We had come to hear Monika Lee’s tremendous poems. And we did, read the way they should be read, in the lilting rhythm of a person talking, but somehow better, more full, words that opened up inside each listener.
But before Monika read, we heard Sharon Bee, the blend of her piano and voice, the beauty of her songs, with drums to the side. And again, after Monika read her poems, Sharon sang one of them she had put to song, a strikingly beautiful combination of melody and poetry, voice and piano. We will hear it again on the video of Monika Lee’s reading, which will be coming here soon.
Somewhere in there I said my thanks. To those who had worked and earned it this second season. To those who came throughout the year. To the forty four who came to live the moment together.
I had brought notes to read, but over these two seasons my confidence has grown so that I hardly glanced at them, amazing myself. I said I had gone from zero to fifty on the scale of introversion and extroversion and, if that is so, I should be able to stand up there babbling, talking even with my hands and arms. But I admitted that was a level of reality beyond me. Yet it wasn’t. When I got to where I had planned to begin reading, I was relaxed. And into it.

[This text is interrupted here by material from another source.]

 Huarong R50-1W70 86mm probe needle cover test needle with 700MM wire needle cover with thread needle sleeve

I spoke about London Open Mic Poetry Night doing a pretty good job of filling a big hole in the poetry scene in London. Featuring great local poets, given them an audience both live and on the internet. And I said there are still many more in the city and the local region for the coming seasons. We may even bring back a few early readers as well. But even more important than that, in my estimation, we have also given a much larger group of poets the opportunity to read for five minutes at a shot before an open mic audience. (And this particular audience, hearing this, burst into applause, spontaneous agreement.) Poets who are beginners can read right alongside those who are highly published. And it gives them motivation. Largely because of the open mic, some of us keep writing poems. We actually create things we might never have attempted otherwise. And every time we write a poem, we not only get better at it but we think thoughts and appreciate things in new ways. In my case, I said, as part of getting ready for the next open mic, I work on a new poem or pull out an old one and rework it. Any kind of fame as a poet is far beyond my reach, but just for myself and for my five minutes in the open mic spotlight, I push myself into the throws of creative orgasm. And that’s a good thing.
I organize the open mic. And I write stuff like this for the curious. But it has become far too much for one person to handle. It’s now a group effort by necessity. So I said thank you’s from everyone who has enjoyed London Open Mic to those who worked on it this year.

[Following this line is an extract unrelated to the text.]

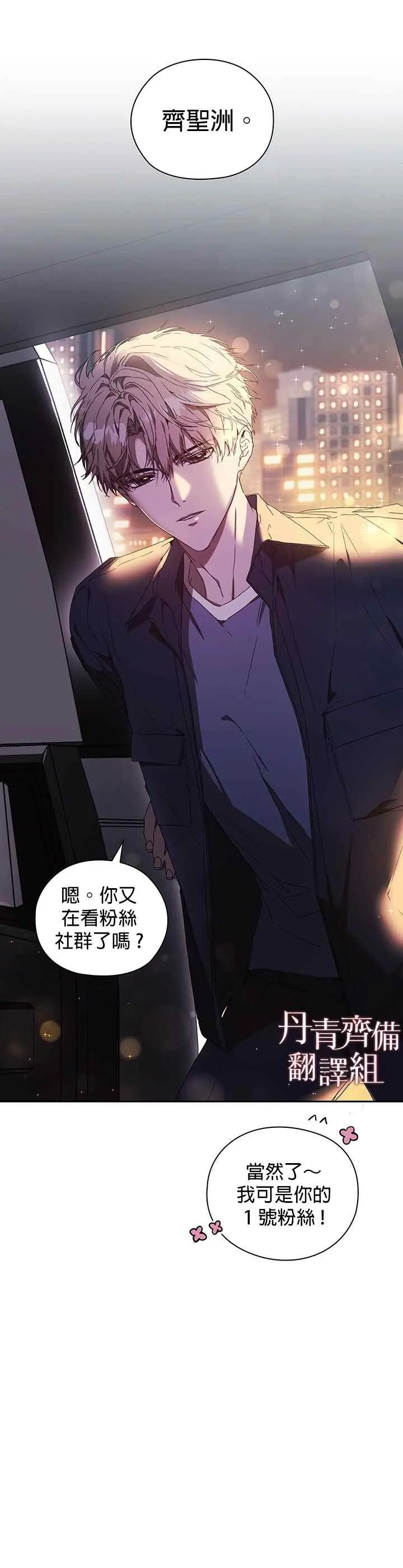 第01话 第6页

A big thank you went to Kevin Heslop, who is many things, beginning with a good friend. Kevin has done some photography for us during Season Two, but is now concentrating on interviewing our featured poets. He has a very clear mind when it comes to making decisions and has contributed greatly to the smooth functioning of the open mic. And, not a small matter, at least to me, he has managed to keep me excited about the actual act of writing poetry, as I push myself along the creativity-destroying road of organizing.
Thank you to Frank Davey, not only for having his blog on our website, which brings untold numbers of readers from elsewhere in Canada, but also for contributing his decision-making ability and his huge experience to our committee meetings.
And thank you to our second-newest member, videographer Kenny Khoo. This is Kenny’s third month of creating videos of our readings. We’re especially grateful to him because of the amount of personal time at home that he puts into this, time he has little left after working his day job as an engineer. (Not only that, but Kenny has just acquired a little puppy, which has been keeping him up nights.) Kenny’s videos allow us to re-experience any of the feature and open mic poems which fascinated us first time around. (Beginning this month he is also recording the musicians.) This by itself makes London Open Mic a much more substancial event than it was.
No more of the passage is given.